The Born Ultimatum: Conditions for Classical Surrogation of Quantum Generative Models with Correlators

TL;DR

This paper investigates the limitations of classical surrogates for quantum generative models, specifically QCBMs, by analyzing the discrepancies caused by deployment differences using Fourier correlators and tensor network methods.

Contribution

It introduces a framework to quantify classical surrogation discrepancies in QCBMs through Fourier decomposition and provides analytical and numerical insights into these effects.

Findings

Discrepancies between classical surrogates and quantum models are analytically quantified.

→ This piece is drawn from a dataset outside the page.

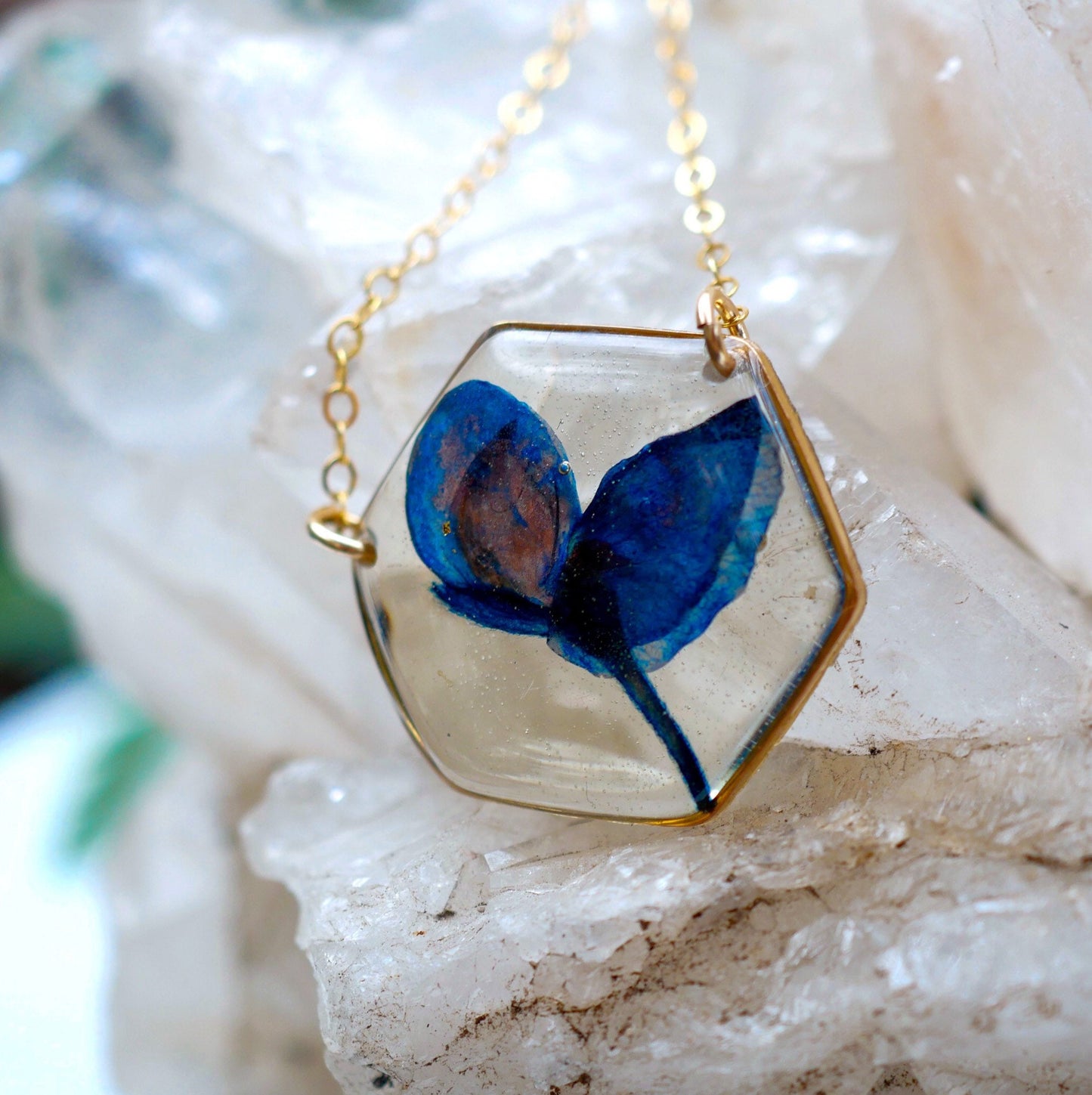 Texas Bluebonnet necklace, real bluebonnet jewelry, Texas bluebonnet gift, pressed flower jewelry, resin flowers, hexagon flower necklace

Numerical demonstrations show the impact of deployment differences on generative performance.

Closed-form expressions for Pauli propagation and Lie algebra are derived for specific circuits.

Abstract

Quantum Circuit Born Machines (QCBMs) are powerful quantum generative models that sample according to the Born rule, with complexity-theoretic evidence suggesting potential quantum advantages for generative tasks. Here, we identify QCBMs as a quantum Fourier model independently of the loss function. This allows us to apply known dequantization conditions when the optimal quantum distribution is available. However, realizing this distribution is hindered by trainability issues such as vanishing gradients on quantum hardware. Recent train-classical, deploy-quantum approaches propose training classical surrogates of QCBMs and using quantum devices only for inference. We analyze the limitations of these methods arising from deployment discrepancies between classically trained and quantumly deployed parameters. Using the Fourier decomposition of the Born rule in terms of correlators, we quantify this discrepancy analytically. Approximating the decomposition via distribution truncation and classical surrogation provides concrete examples of such discrepancies, which we demonstrate numerically. We study this effect using tensor-networks and Pauli-propagation-based classical surrogates. Our study examines the use of IQP circuits, matchcircuits, Heisenberg-chain circuits, and Haldane-chain circuits for the QCBM ansatz. In doing so, we derive closed-form expressions for Pauli propagation in IQP circuits and the dynamical Lie algebra of the Haldane chain, which may be of independent interest.